I love these old stations.thanks for sharing


----------



## Whiteknight841 (May 9, 2014)

Such a shame. Thank you for capturing it before it inevitably gets torn down : )


----------



## Black Shuck (May 9, 2014)

Whiteknight841 said:


> Such a shame. Thank you for capturing it before it inevitably gets torn down : )



Visited this gem around two years ago, Part of the once might MGN Joint Railway from Leicester to Great Yarmouth, closed 28th February 1959. The hole in the floor in the room with the boarded up fireplace was caused by me, on my second visit, midway through a shot with, tripod, and Fuji, the floor gave way and down went Shuck camera and all!!!  Luckily I stopped when my feet hit the ground, just as my elbows made contact with the floor!OUCH! Needless to say, I then collapsed into fits of hysterical laughter, and clambered out!
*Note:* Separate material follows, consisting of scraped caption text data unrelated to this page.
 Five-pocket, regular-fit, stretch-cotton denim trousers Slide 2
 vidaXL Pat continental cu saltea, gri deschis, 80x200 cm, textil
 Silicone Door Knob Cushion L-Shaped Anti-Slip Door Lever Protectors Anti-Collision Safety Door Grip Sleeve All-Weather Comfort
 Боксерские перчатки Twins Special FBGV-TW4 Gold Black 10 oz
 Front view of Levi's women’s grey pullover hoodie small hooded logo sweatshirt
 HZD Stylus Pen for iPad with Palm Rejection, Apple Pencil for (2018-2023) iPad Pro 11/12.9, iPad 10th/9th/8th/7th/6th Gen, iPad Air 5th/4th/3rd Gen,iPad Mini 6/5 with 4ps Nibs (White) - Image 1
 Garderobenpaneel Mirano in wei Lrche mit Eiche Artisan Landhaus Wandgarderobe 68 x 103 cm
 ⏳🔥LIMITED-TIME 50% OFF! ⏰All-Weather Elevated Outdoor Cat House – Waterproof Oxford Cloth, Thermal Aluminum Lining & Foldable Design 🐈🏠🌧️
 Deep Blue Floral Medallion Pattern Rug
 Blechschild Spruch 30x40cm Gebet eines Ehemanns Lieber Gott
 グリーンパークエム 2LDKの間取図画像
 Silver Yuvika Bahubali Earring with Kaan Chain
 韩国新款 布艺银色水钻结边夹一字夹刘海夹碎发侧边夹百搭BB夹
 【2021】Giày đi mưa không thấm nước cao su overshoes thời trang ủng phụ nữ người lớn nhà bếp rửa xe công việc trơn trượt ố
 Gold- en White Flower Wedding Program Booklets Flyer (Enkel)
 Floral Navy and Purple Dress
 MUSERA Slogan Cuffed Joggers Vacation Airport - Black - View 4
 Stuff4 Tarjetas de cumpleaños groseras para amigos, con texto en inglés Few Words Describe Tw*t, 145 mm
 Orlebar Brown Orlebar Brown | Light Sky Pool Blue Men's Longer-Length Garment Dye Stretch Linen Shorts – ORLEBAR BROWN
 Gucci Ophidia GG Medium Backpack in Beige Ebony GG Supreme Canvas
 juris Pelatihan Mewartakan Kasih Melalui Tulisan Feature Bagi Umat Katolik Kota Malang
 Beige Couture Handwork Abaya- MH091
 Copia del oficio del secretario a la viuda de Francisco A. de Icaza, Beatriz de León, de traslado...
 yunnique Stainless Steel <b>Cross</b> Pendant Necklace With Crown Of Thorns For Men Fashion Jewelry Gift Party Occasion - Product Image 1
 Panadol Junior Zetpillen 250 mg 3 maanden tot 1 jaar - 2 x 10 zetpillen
Just a few bruises and cuts!. Brilliant shots, by the way. Did you find the station nameboard on platform 2?


----------



## flyboys90 (May 10, 2014)

Ah Dr Beeching he had a lot to answer for! Great photos thanks for sharing.


----------



## ronthebike (May 16, 2014)

nice pics,


----------



## Ade G (May 16, 2014)

Great shots, interestingly my surname is Gidney, slightly different spelling but historically it originates from the place name Gedney


----------



## Farmerboy (May 17, 2014)

Good photo's. Looks in better condition outside than inside. Local to me too but never visited.


----------



## The Wombat (May 17, 2014)

interesting stuff, thanks for sharing


----------



## Labb (May 18, 2014)

Great shots. I have been to this stations several times. It is a shame that is is just falling to pieces


----------